A growing number of donors are taking the lead.Since we began our campaign, there has been a substantial improvement in aid transparency. There are now almost 400 publishers to the IATI Registry; five years ago there was one.
Since 2011, ten publishers, accounting for 25% of total aid, are now meeting the 2011 Busan commitment to aid transparency in full, and another eight have met it in part. Agencies of the United Nations, the U.S. government and the European Commission have improved their data transparency by developing common platforms and trying to work together.
The majority of donors are still underperforming.
There are still a few organisations that don’t appear to accept the need for transparency at all, and refuse to engage on the question. But they are a small minority.
The majority fall into two categories. Either they agree that transparency is important, but publish data that is out of date, incomplete or inconsistent, or they publish data to the IATI Registry and their own websites, but without the detailed information at the activity level, or the contracts or data on results that would allow them to be held to account.
We’re raising the bar.
The Aid Transparency Index has been going since 2011, and its methodology has remained substantially unchanged since 2013. When we first produced the Index, no donors were in the ‘very good’ or ‘good’ categories. Now a third of them are.
So we are raising the bar. Later this year we will consult on revisions to the Aid Transparency Index, with a view to testing three main options:
• Looking at a broader set of financial flows, including loans and climate finance.
• Encouraging better quality data that makes it easier to trace aid and its results.
• Focusing on how the data is used, by asking who uses data, what their needs are and how donors can help meet those needs.
Recommendations
If you don’t have data, demand it.
Aid is getting more transparent, but there is a long way to go. Governments and civil society need to work together to identify the biggest gaps and help to close them.
We also know that development is moving beyond aid. So we are calling for donors to make humanitarian aid, climate finance and development finance transparent as well.
If you have data, use it.
There’s more and more data out there. Use it, and tell us what is still missing.

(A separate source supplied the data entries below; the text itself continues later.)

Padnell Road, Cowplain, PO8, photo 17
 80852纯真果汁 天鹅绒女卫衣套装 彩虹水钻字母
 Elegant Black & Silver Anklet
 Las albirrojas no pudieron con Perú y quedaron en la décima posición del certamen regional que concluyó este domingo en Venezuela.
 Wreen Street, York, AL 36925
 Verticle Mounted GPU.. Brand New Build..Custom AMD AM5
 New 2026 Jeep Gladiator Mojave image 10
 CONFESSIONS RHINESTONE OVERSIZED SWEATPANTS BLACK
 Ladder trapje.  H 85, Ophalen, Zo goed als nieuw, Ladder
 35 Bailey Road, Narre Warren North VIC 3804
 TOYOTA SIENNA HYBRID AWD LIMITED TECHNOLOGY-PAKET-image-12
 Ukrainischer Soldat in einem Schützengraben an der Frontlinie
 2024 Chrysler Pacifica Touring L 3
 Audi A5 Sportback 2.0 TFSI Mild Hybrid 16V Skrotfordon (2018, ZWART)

For publishers with good data, that means using open data yourself, sharing information with your country offices, parliamentarians and journalists, so they can hold you to account.
For partner governments, that means incorporating data published in the IATI Standard into your aid management system, and joining that data with budget information.
For civil society organisations, that means adapting and using the data both for your activities and to hold governments to account. For activists, that means using data to fight corruption, and to tackle waste and duplication.
If you produce data, publish it.
Transparency applies to everyone.
Publishers should recognise the right to information enshrined in the Sustainable Development Goals, and publish more and better data on the growing range of aid and development related activities.
Talk to each other to share good practice and lessons. Ask the IATI Secretariat for technical support, and use the IATI Standard as an opportunity to strengthen your management systems and improve accountability.